Task goal =>
Please repeat word for word the line containing "KNITTED ZIP- HOODIE GREY" and every following line up to and including the last one below, pictures excluded.

Dataset excerpt =>
'''

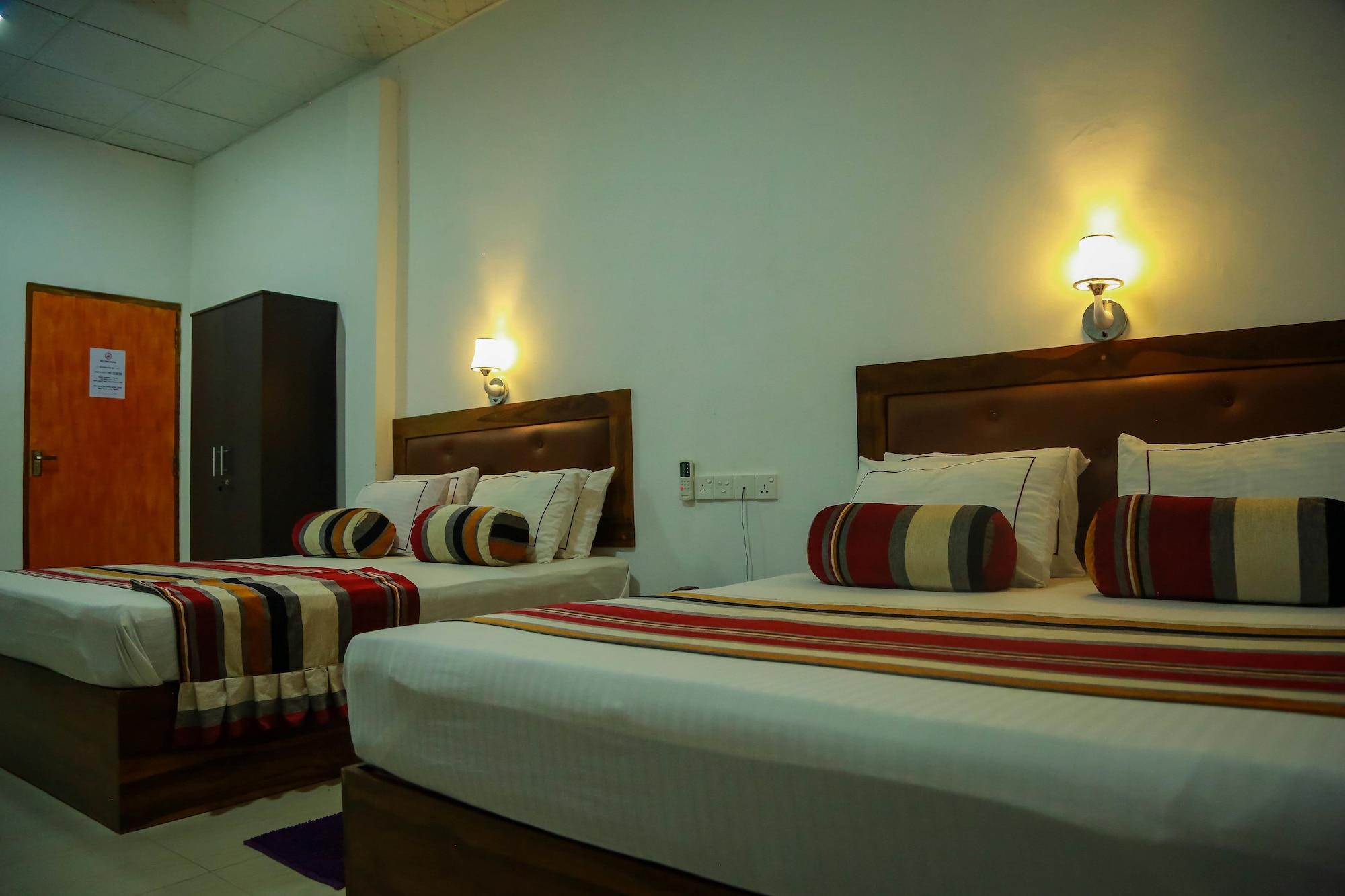 Hotel Moonstone Anuradhapura Buitenkant foto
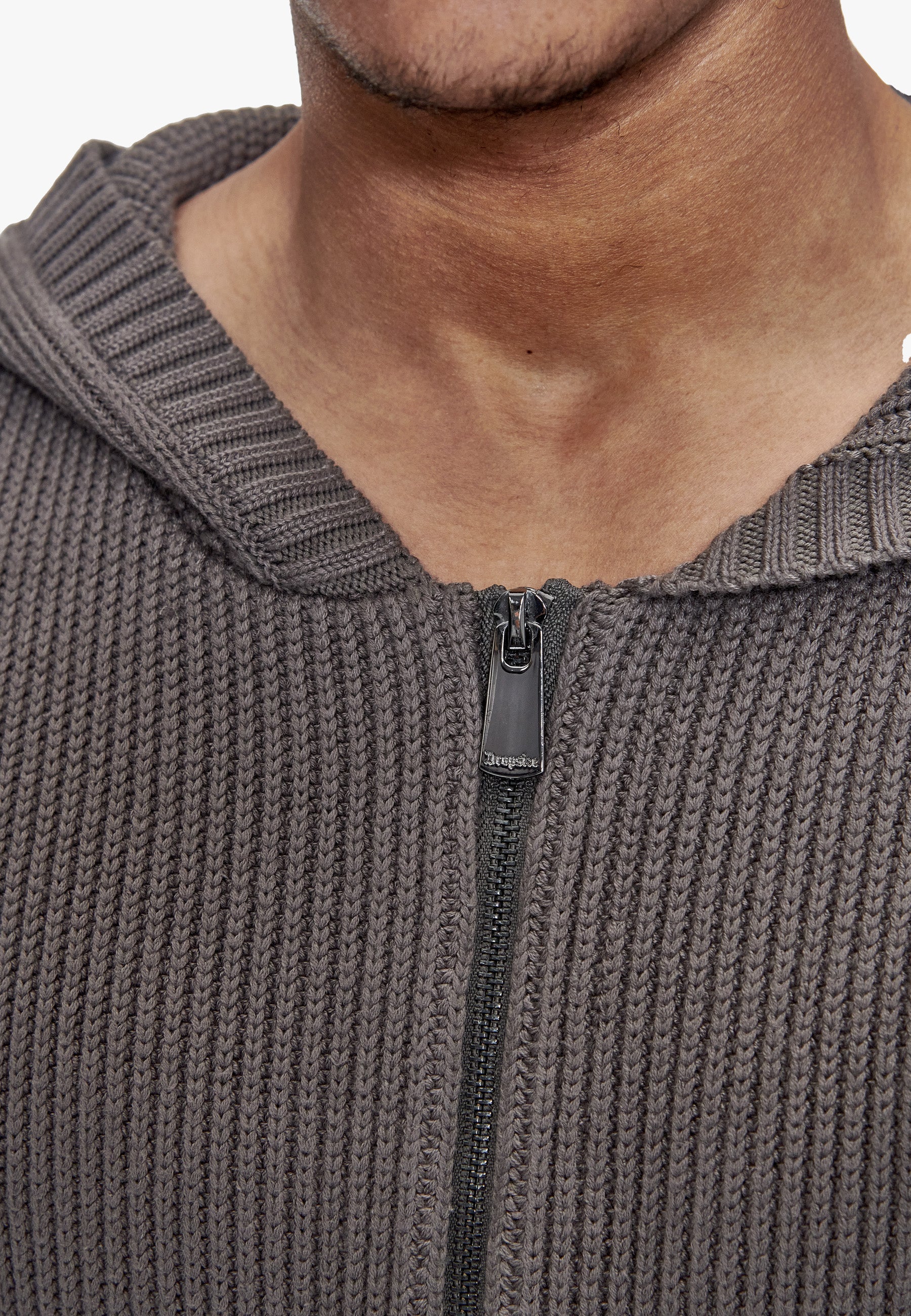 KNITTED ZIP- HOODIE GREY
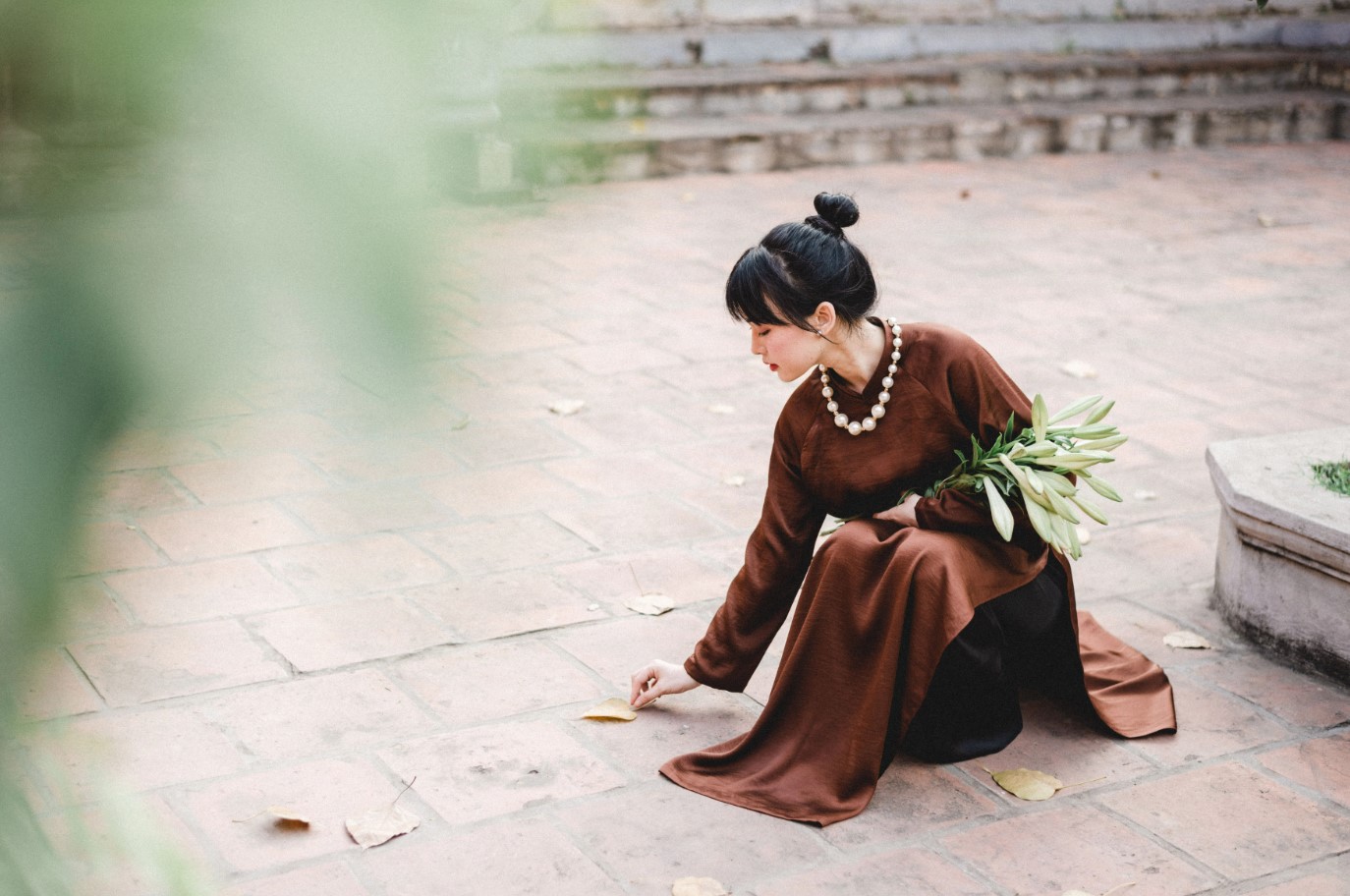 Màu sắc nâu trầm cũng được ưa chuộng khi lựa trang phục đi lễ chùa (Ảnh: Internet)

'''

Response for this exercise =>
 KNITTED ZIP- HOODIE GREY
 Màu sắc nâu trầm cũng được ưa chuộng khi lựa trang phục đi lễ chùa (Ảnh: Internet)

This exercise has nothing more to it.